Furthermore, survivor’s guilt is another guilt which might lead to grave trauma and mental health issues. This occurs when individuals survive a distressing event, while their loved ones and others couldn’t.
But what makes guilt persistent?
The answer is simple, guilt is based on violation of external as well as internal set standards. Hence, when a behaviour involves contradiction amongst set values, principles, and morals then feeling of guilt becomes more persistent. These standards are often built from personal experience, beliefs, societal norms, media, ethics, as well as peers and family’s influence. Therefore, it can be said that feelings of guilt are unique for each individual, even when they faced a similar distressing experience.
In cases when mistakes cannot be corrected, guilt often becomes more persistent until the person finds an opportunity to make amends.
4 steps to effectively overcome guilt are:
- Face your guilt
The first step toward overcoming your guilt is to face it head-on. Here, you can begin with addressing your guilt and introspecting it to seek clarity. You can face your feelings by introspecting yourself or discussing with a friend and/or a specialist. You can ask the following questions while introspecting:
- What have I done to experience this feeling of guilt?
- What should or shouldn’t have I done in that situation?
- What are the facts associated with this guilt?
- What led to that situation or why did I do that?
- Whom did I hurt?
- What are the consequences of your action which lead to feeling of guilt?

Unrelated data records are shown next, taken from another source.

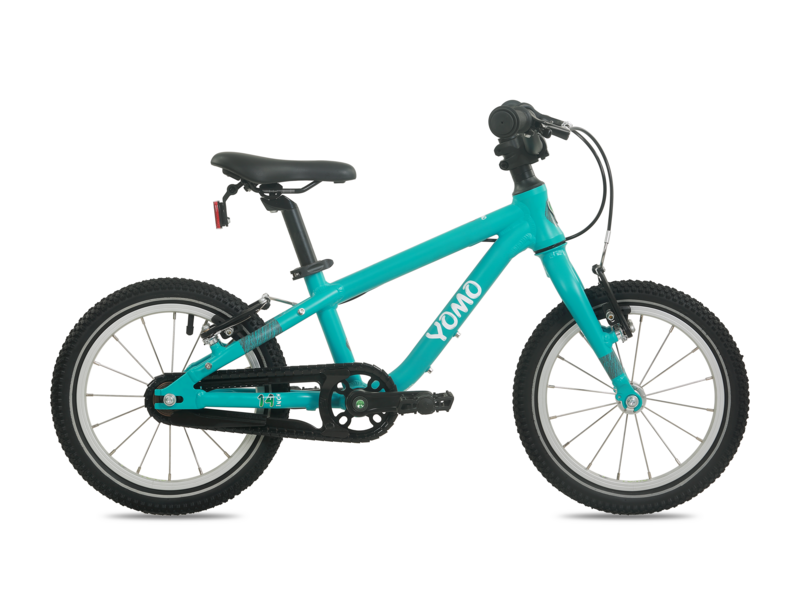 YOMO 14 Turquoise click to zoom image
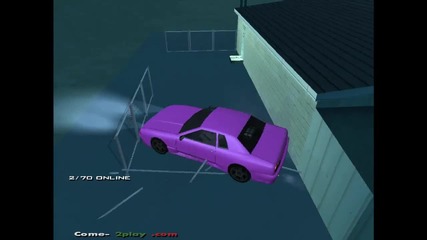 Samp - Jump :d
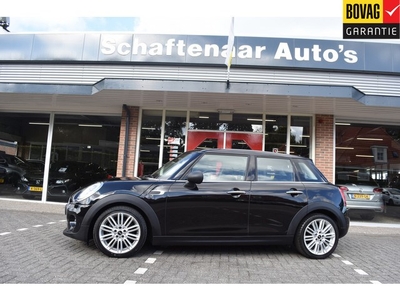 MINI Mini 1.5 One/Automaat (bj 2018)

- Is my guilt trying to teach me something or is it just an irrational reaction to a situation?
- Is my guilt based on my expectations or other’s expectations?
Introspecting on these questions can help to understand if the guilt was reasonable or was it an exaggeration.

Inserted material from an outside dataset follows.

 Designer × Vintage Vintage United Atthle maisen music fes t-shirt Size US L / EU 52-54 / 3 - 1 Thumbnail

Furthermore, accepting your actions, and taking responsibility is a necessary step before moving to the next one. You can start with accepting the situation without blaming anyone else. Try repeating the sentence, “I accept what I did and I will work on it”.
- Use guilt to make changes
The next step is to create solutions, here you can try to shift your focus from past to present and the future. Hence, if you had a fight with your friend and feel guilty about your behavior, then you can begin by asking yourself, “what can you do now in order to improve this situation?”.
You can also learn from your past actions which had escalated your feelings of guilt. And thereby, make a plan for the future by asking yourself:
- What were the behaviors and/or circumstances which led to the feeling of guilt?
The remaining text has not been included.